**Study material:**
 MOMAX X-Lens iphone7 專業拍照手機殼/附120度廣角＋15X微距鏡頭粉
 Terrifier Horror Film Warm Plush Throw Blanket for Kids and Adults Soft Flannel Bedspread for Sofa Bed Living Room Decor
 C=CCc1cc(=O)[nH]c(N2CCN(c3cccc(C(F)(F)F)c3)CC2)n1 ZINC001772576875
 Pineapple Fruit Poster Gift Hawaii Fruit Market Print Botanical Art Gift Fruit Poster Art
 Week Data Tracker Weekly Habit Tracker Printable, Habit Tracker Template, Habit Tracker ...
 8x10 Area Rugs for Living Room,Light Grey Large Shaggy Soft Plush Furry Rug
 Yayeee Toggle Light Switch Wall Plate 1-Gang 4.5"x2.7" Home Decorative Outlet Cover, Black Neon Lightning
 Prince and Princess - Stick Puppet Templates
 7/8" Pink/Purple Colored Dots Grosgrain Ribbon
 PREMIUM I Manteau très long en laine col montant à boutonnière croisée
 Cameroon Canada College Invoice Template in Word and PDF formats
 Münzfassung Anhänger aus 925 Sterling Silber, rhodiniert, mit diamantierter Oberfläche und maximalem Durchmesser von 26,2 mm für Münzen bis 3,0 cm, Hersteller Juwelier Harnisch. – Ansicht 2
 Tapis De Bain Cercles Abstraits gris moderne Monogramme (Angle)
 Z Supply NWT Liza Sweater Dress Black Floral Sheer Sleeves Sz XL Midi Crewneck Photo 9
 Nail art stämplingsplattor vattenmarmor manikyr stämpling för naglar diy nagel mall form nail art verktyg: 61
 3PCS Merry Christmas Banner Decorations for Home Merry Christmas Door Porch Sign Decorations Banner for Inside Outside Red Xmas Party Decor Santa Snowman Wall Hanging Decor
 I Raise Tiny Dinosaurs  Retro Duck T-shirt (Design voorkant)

**Task details:** Print each entry above word for word, leaving none out.

**Written solution:**
 MOMAX X-Lens iphone7 專業拍照手機殼/附120度廣角＋15X微距鏡頭粉
 Terrifier Horror Film Warm Plush Throw Blanket for Kids and Adults Soft Flannel Bedspread for Sofa Bed Living Room Decor
 C=CCc1cc(=O)[nH]c(N2CCN(c3cccc(C(F)(F)F)c3)CC2)n1 ZINC001772576875
 Pineapple Fruit Poster Gift Hawaii Fruit Market Print Botanical Art Gift Fruit Poster Art
 Week Data Tracker Weekly Habit Tracker Printable, Habit Tracker Template, Habit Tracker ...
 8x10 Area Rugs for Living Room,Light Grey Large Shaggy Soft Plush Furry Rug
 Yayeee Toggle Light Switch Wall Plate 1-Gang 4.5"x2.7" Home Decorative Outlet Cover, Black Neon Lightning
 Prince and Princess - Stick Puppet Templates
 7/8" Pink/Purple Colored Dots Grosgrain Ribbon
 PREMIUM I Manteau très long en laine col montant à boutonnière croisée
 Cameroon Canada College Invoice Template in Word and PDF formats
 Münzfassung Anhänger aus 925 Sterling Silber, rhodiniert, mit diamantierter Oberfläche und maximalem Durchmesser von 26,2 mm für Münzen bis 3,0 cm, Hersteller Juwelier Harnisch. – Ansicht 2
 Tapis De Bain Cercles Abstraits gris moderne Monogramme (Angle)
 Z Supply NWT Liza Sweater Dress Black Floral Sheer Sleeves Sz XL Midi Crewneck Photo 9
 Nail art stämplingsplattor vattenmarmor manikyr stämpling för naglar diy nagel mall form nail art verktyg: 61
 3PCS Merry Christmas Banner Decorations for Home Merry Christmas Door Porch Sign Decorations Banner for Inside Outside Red Xmas Party Decor Santa Snowman Wall Hanging Decor
 I Raise Tiny Dinosaurs  Retro Duck T-shirt (Design voorkant)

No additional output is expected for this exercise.